A major change occurred with the release of Illumina’s CASAVA 1.8. Header lines that formerly looked similar to this:

@EAS139-23_0002:1:100:1142:10040#ATCACG/1

changed to something like this:

@EAS139:136:FC706VJ:2:2104:15343:197393 1:Y:18:ATCACG

As of CASAVA 1.8, Illumina has also released data solely in Sanger FASTQ format.
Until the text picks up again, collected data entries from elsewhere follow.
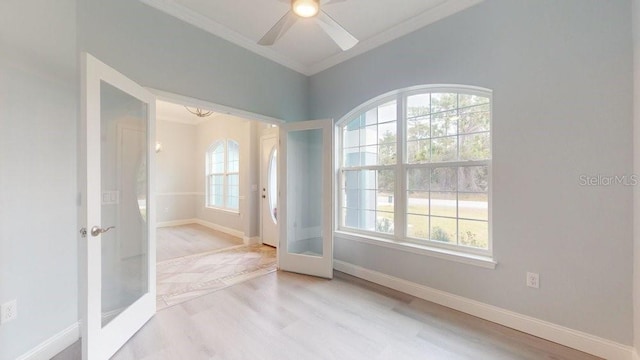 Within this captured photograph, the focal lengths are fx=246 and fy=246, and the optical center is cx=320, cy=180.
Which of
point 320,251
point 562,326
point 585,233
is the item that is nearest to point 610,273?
point 585,233

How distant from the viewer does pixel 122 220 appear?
2.16 m

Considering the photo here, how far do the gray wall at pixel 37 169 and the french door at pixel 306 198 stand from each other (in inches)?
84.2

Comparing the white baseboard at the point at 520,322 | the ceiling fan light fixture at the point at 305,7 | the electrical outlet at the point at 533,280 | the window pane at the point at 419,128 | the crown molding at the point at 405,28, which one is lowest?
the white baseboard at the point at 520,322

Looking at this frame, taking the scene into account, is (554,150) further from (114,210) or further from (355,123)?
(114,210)

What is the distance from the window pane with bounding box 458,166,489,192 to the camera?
2.38 m

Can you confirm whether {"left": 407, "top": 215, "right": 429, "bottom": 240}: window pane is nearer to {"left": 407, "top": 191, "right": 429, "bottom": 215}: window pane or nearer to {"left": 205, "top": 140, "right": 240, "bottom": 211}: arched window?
{"left": 407, "top": 191, "right": 429, "bottom": 215}: window pane

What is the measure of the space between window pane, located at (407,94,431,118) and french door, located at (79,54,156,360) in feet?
8.90

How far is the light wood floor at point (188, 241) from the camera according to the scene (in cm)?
430

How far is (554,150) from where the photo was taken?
6.42 feet

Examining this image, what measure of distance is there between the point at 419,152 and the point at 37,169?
3.34 meters

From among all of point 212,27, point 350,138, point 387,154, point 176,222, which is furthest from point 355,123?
point 176,222

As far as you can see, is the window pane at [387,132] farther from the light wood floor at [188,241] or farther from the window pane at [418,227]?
the light wood floor at [188,241]

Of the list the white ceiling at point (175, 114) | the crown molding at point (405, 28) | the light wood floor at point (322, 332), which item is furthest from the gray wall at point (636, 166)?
the white ceiling at point (175, 114)

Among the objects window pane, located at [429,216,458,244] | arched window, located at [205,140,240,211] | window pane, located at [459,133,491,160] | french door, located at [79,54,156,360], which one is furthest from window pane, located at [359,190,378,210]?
arched window, located at [205,140,240,211] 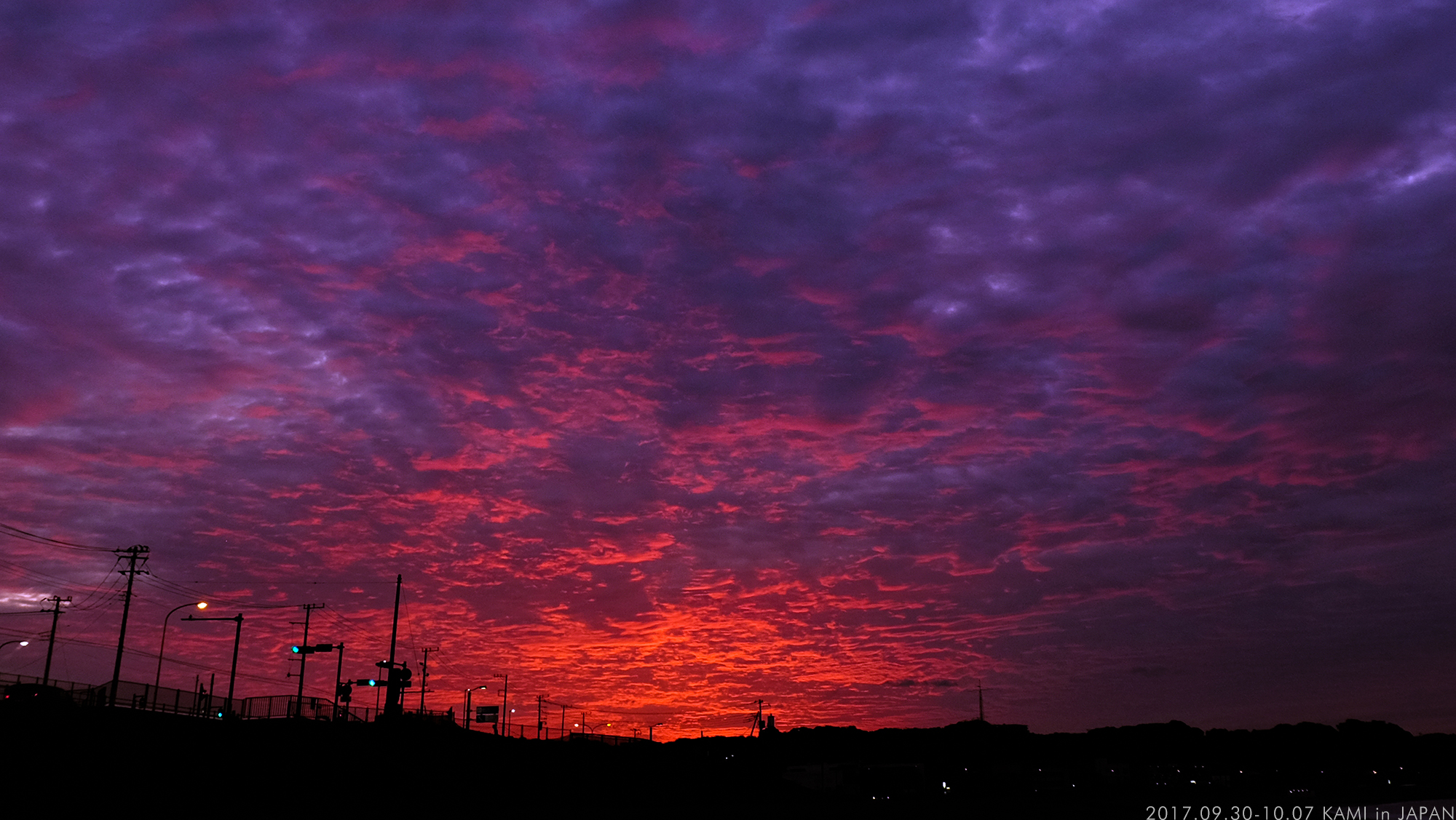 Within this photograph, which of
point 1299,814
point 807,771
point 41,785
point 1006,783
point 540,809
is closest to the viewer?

Note that Illumina is perversely fond of changing its read header lines (and number of tiles), often for no obviously good reason. To date, we have encountered — and changed the SolexaQA code to accommodate — the following header line variants:

@AGRF-23_0002:1:100:1142:10040#0/1
@114222772_110210mm_lane7.txt_SN603_WA003:7:1:2036.50:19999.80#0/1
@114222772_110210mm_lane7:7:1:2036.50:19999.80#0/1
@txt_SN603_WA003:7:1:2036.50:19999.80#0/1
@7.t:7:1:2036.50:19999.80#0/1
@HWUSI-EAS1758R:18:62RU0AAXX:5:1:1030:952 1:N:0:
@EAS139:136:FC706VJ:2:1101:15343:197393 1:Y:18:ATCACG
@SRR001666.1 071112_SLXA-EAS1_s_7:5:1:817:345 length=36
@HWI-ST938:49:B01D4ACXX:5:1101:2169:194234
@HWI-EAS209_0025_FC427:6:1:1041:14884#ACAGTG/2
@M00143:1:000000000-A0AH7:1:1:16598:1320 1:N:0:1

We are aware of three further variants that SolexaQA does not currently support:

@8:1:670:774
@USI-EAS45-42B86AAXX:7:1:1793:1105:0:1:0
@SRR797058.1 HWI-ST600:227:C0WR4ACXX:7:1101:16297:2000/1

Note that these variants have no unique identifiers to distinguish between them, and considered together, there is no way to identify the correct tile number for all of these variants (either 1 or 1101 in the examples above). Consequently, the ability of the SolexaQA package to analyze all FASTQ variants ever released by Illumina is limited.

Data from the Sequence Read Archive (SRA) is a special case. SolexaQA will run these files if extraneous characters added by the SRA are stripped out ("SRR797058.1 " in the example above).